The Nazi Camp survivor Henri Landwirth who created the whimsical wonderland of Give-Kids The World for critically ill children, died late Monday, April 16, 2018, at age 91.
As a self-made millionaire in Florida’s during the early hospitality industry, Landwirth had become a passionate philanthropist person whose work has touched more than 160,000 children from all 50 states. Also, at least in 75 foreign nations around the world.
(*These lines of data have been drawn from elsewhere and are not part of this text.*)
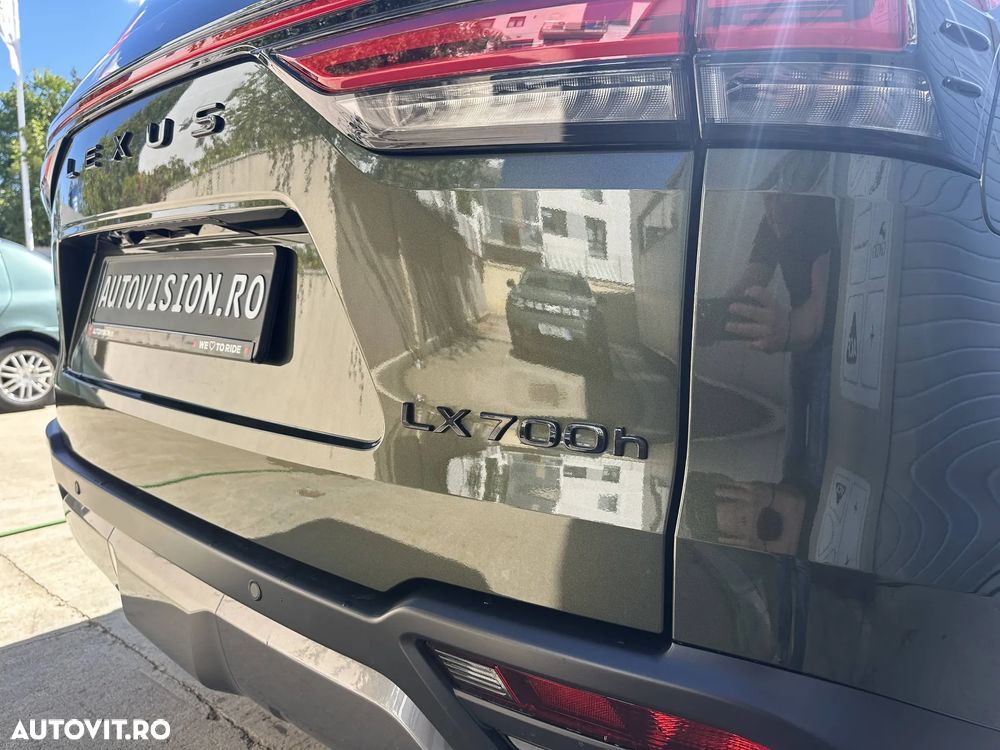Lexus Seria LX - 11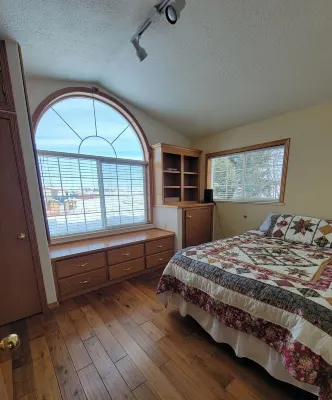 Family Friendly Home near Bear Lake Hotels in Bloomington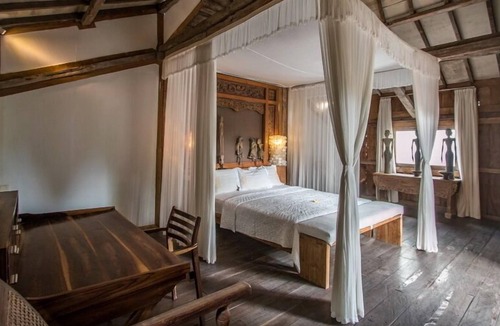 Umalas Villa | La Banane, 4 Bedroom Villa+Cook, Peaceful Tranquility, 5 mins from Seminyak.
At the Kiss me resort village, he opened in 1989, the kids and their families enjoy weeklong, all-expenses-paid fantasy vacations.
After the war, Landwirth reunited with his sister and, with $20 to his name and speaking little English; he went to the United States as a crew member aboard a cargo ship.
It was not long afterward, in January 1950, he was drafted into the U.S. Army and pressed into duty stateside before studying hotel management in New York on the G.I. Bill, and two years later, Landwirth then moved to the state of Florida.
In Landwirth’s 1996 autobiography. Chronkite wrote,“since he seems to have embraced the whole human race, this largesse is beyond our ability to count, mainly since so much of his help goes unremarked by him.
Back in the year 1969, Landwirth then opened his first Holiday Inn franchise in Orlando, Floria, predicting the tourism boom that would follow the opening of Walt Disney World Resort in 1971.
Henri Landwirth vowed that hers would be the last wish to go unfulfilled.